:: Records supplied ::
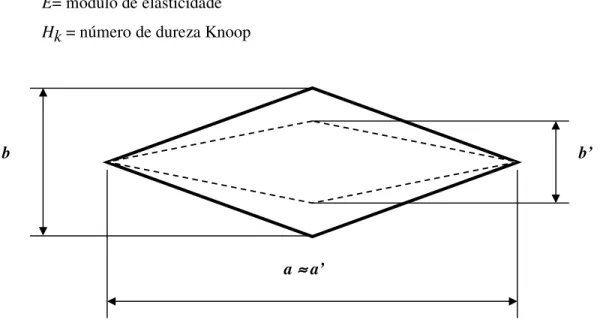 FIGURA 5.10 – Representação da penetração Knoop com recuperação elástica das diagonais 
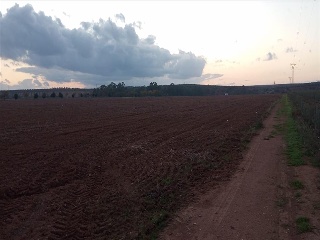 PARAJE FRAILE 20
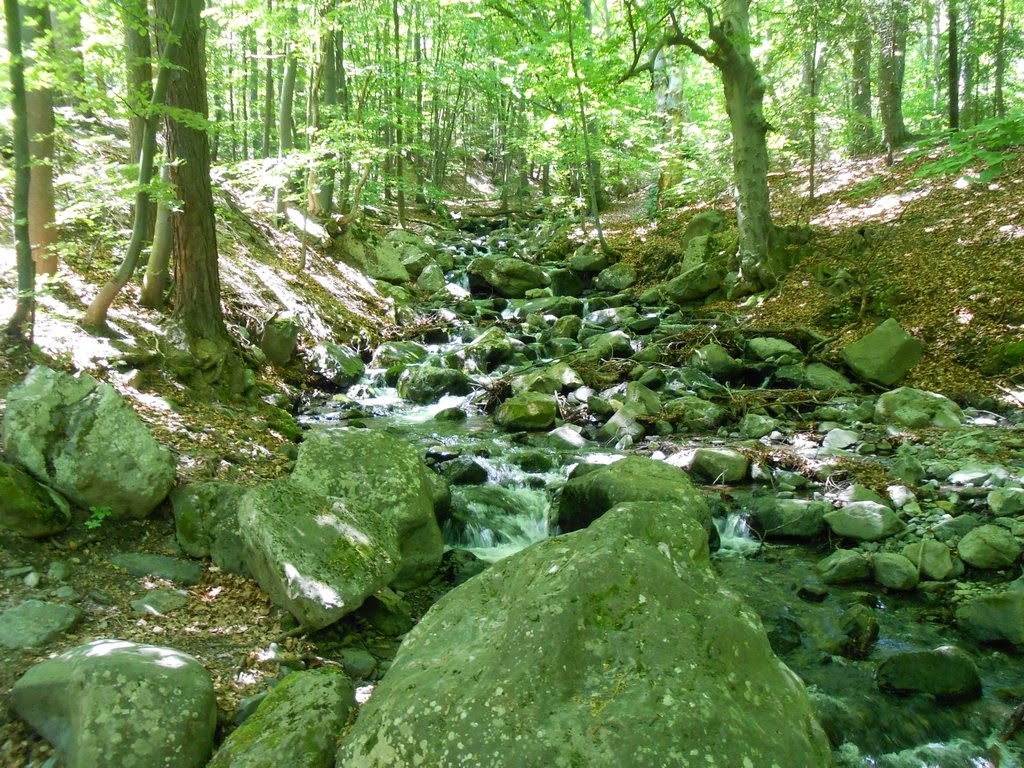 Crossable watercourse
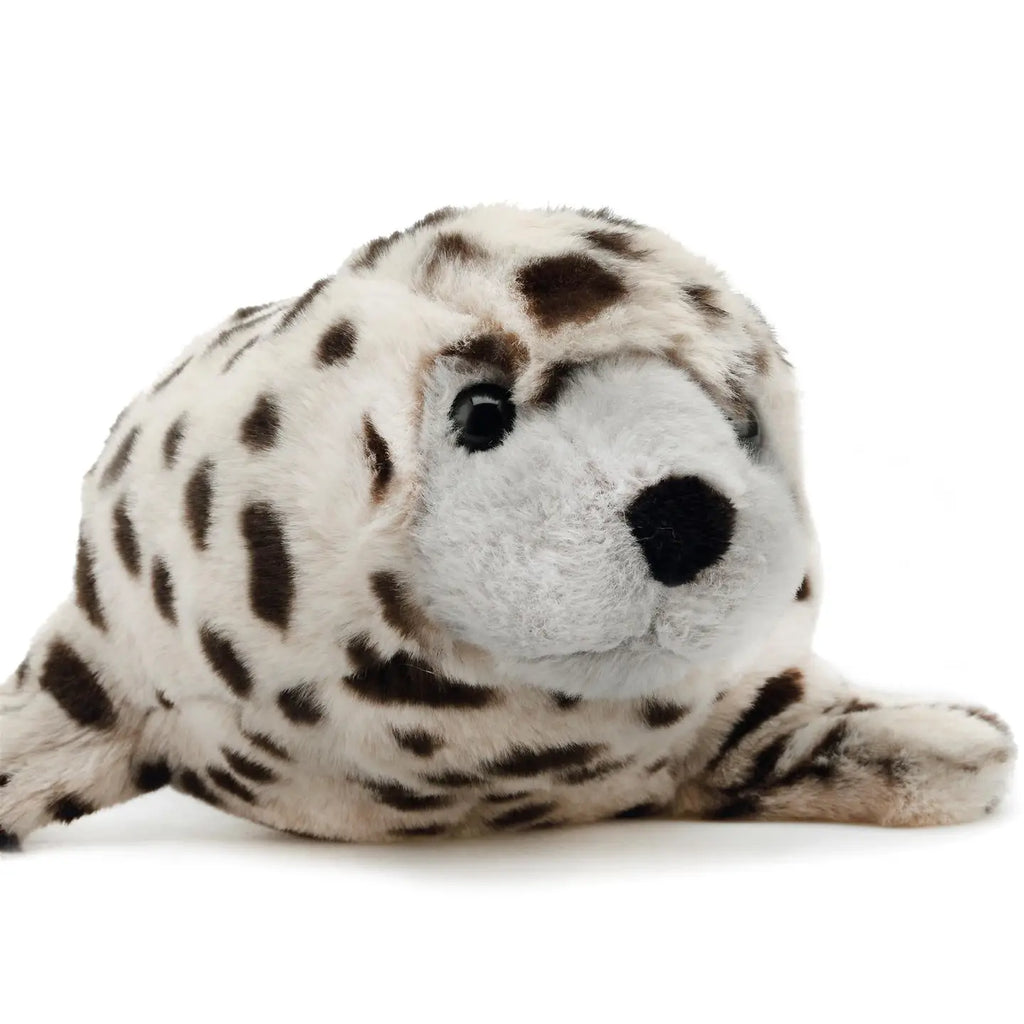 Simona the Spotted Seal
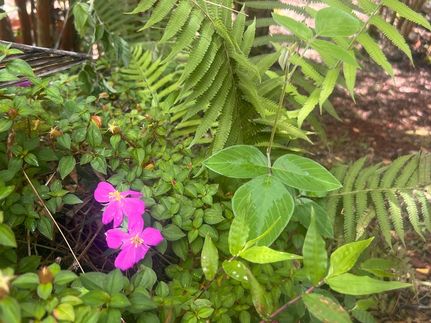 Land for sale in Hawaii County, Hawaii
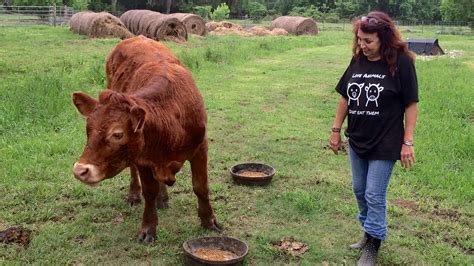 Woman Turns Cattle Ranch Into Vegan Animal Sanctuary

:: Exercise goal ::
Everything in the material above should be reproduced exactly, except the pictures.

:: Written response ::
 FIGURA 5.10 – Representação da penetração Knoop com recuperação elástica das diagonais 
 PARAJE FRAILE 20
 Crossable watercourse
 Simona the Spotted Seal
 Land for sale in Hawaii County, Hawaii
 Woman Turns Cattle Ranch Into Vegan Animal Sanctuary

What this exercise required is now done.